[[ ENTRIES PROVIDED, beginning ]]
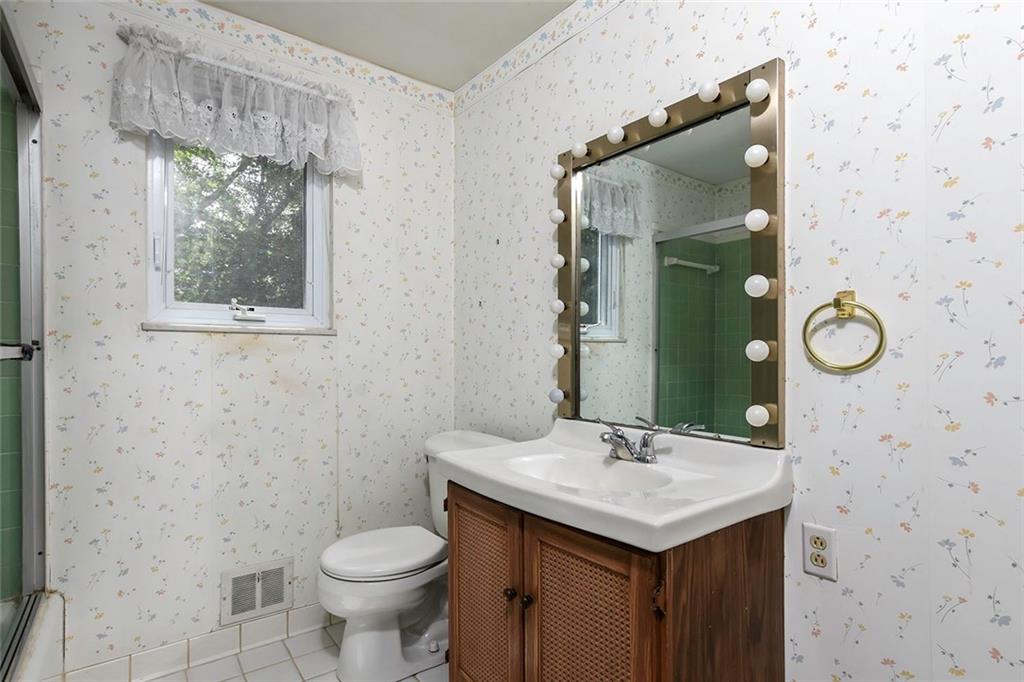 578 Thompson Run Road Pittsburgh, PA 15237 - Photo 21 of 22 Gallery Image 21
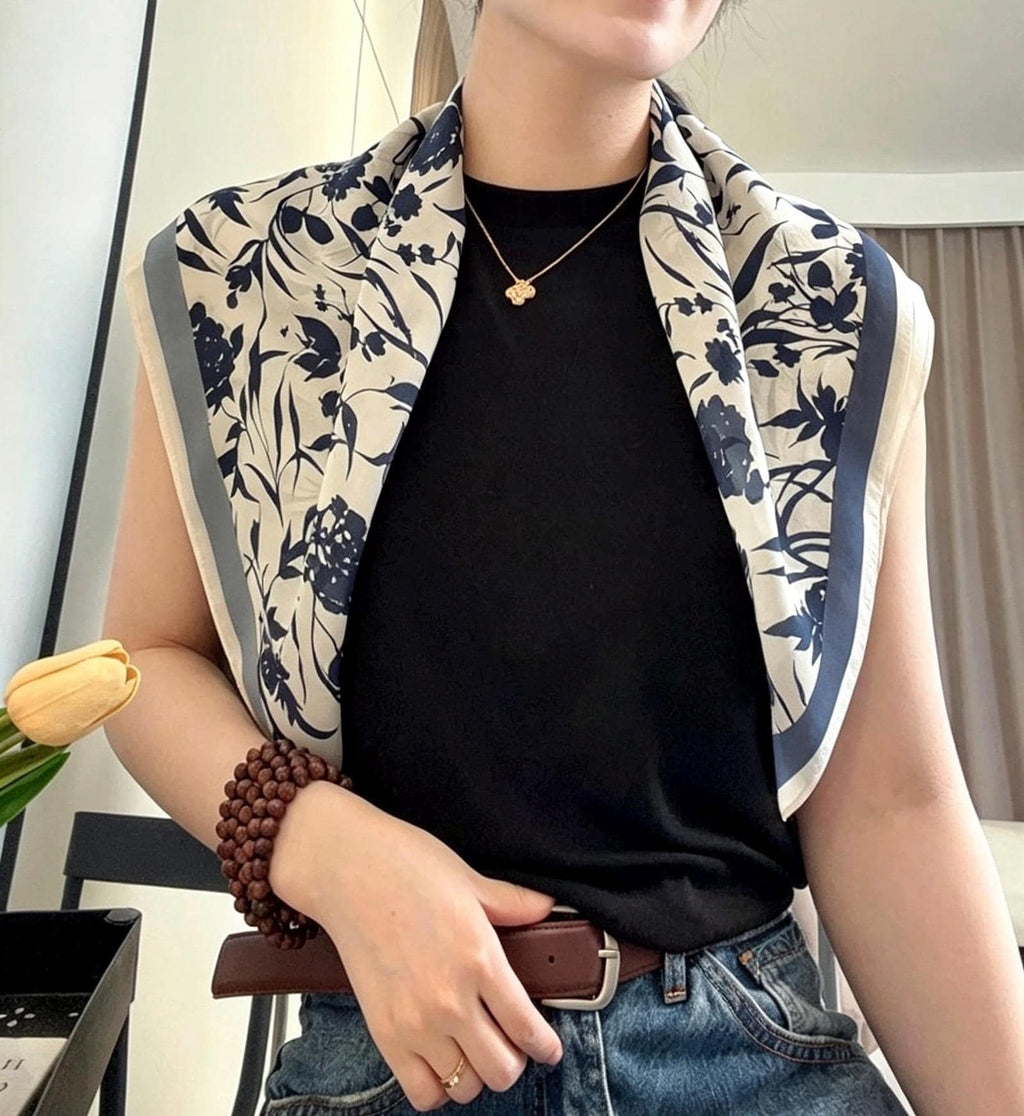 100% Silk Wool Scarf 26"x26" 65x65cm, Elegant Navy Blue Crepe De Chine Silk Scarf, Quiet Luxury Neckerchief, Old Money Aesthetic Bandana Gif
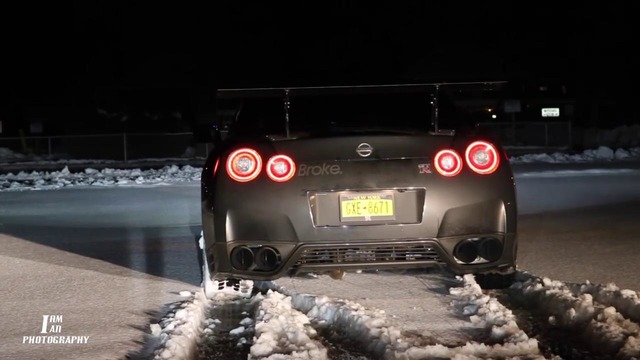 Nissan GTR и ночные покатушки по снегу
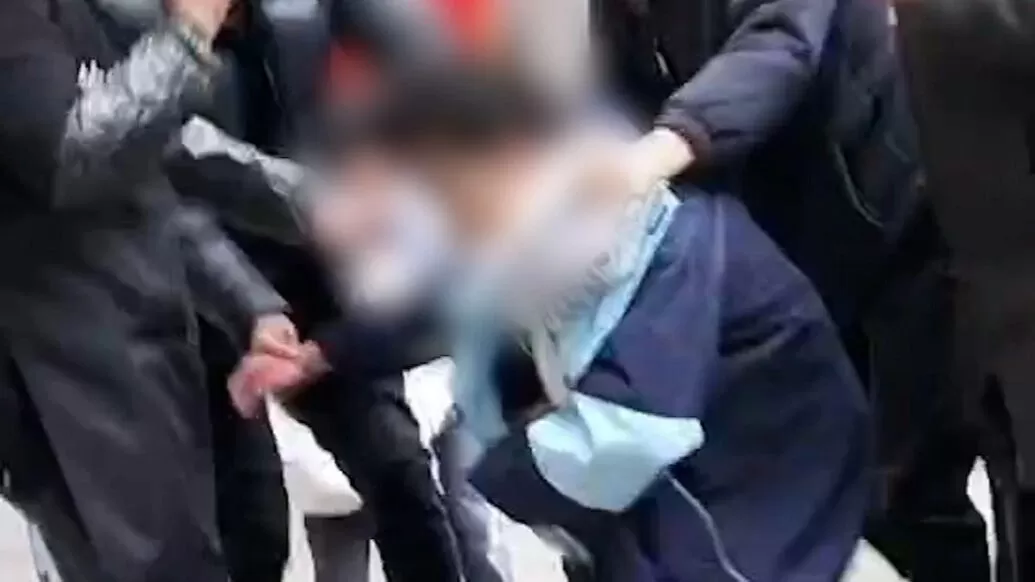 强制剪学生头发绝非“行为不当”那般简单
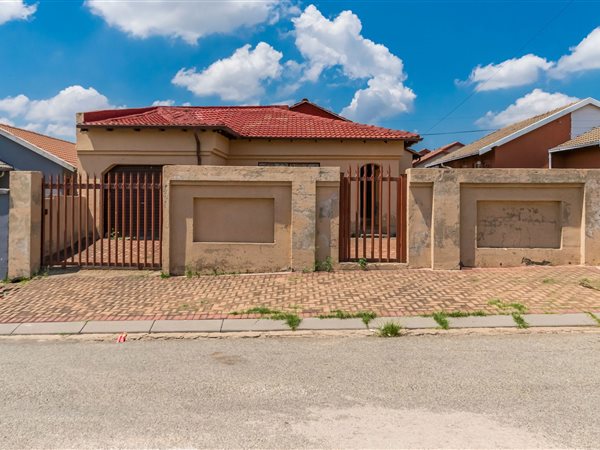 3 Bed House in Kagiso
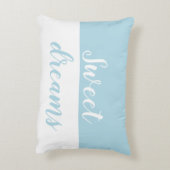 甘美な夢の、淡いブルー及び白いアクセント アクセントクッション (裏面(縦))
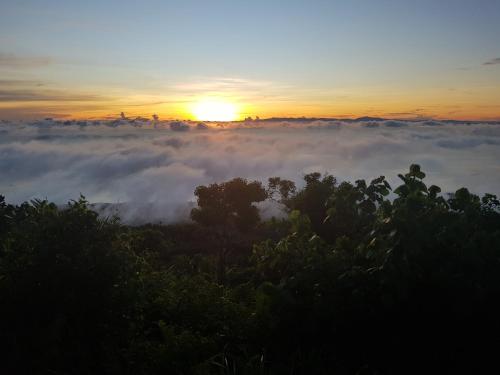 Eco Farm Romantic Stone House with STARLINK internet 700 meters above sea level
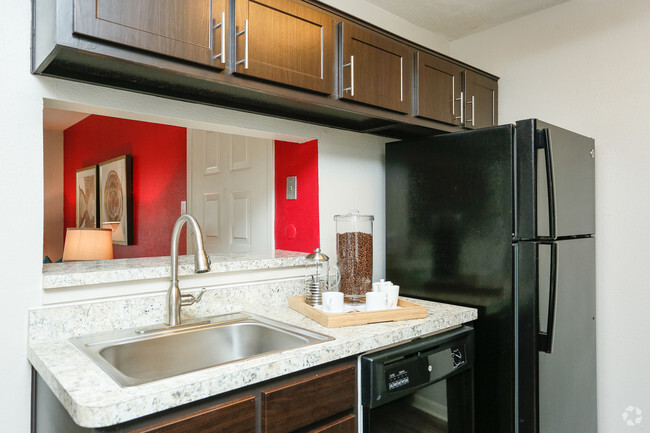 1BR, 1BA - 632SF - Kitchen - City Crossing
[[ ENTRIES PROVIDED, end ]]
**DESCRIPTION OF THE TASK**. Without the pictures, transcribe exactly the lines above from the one containing "100% Silk Wool" through the last.

**FINAL ANSWER**.
 100% Silk Wool Scarf 26"x26" 65x65cm, Elegant Navy Blue Crepe De Chine Silk Scarf, Quiet Luxury Neckerchief, Old Money Aesthetic Bandana Gif
 Nissan GTR и ночные покатушки по снегу
 强制剪学生头发绝非“行为不当”那般简单
 3 Bed House in Kagiso
 甘美な夢の、淡いブルー及び白いアクセント アクセントクッション (裏面(縦))
 Eco Farm Romantic Stone House with STARLINK internet 700 meters above sea level
 1BR, 1BA - 632SF - Kitchen - City Crossing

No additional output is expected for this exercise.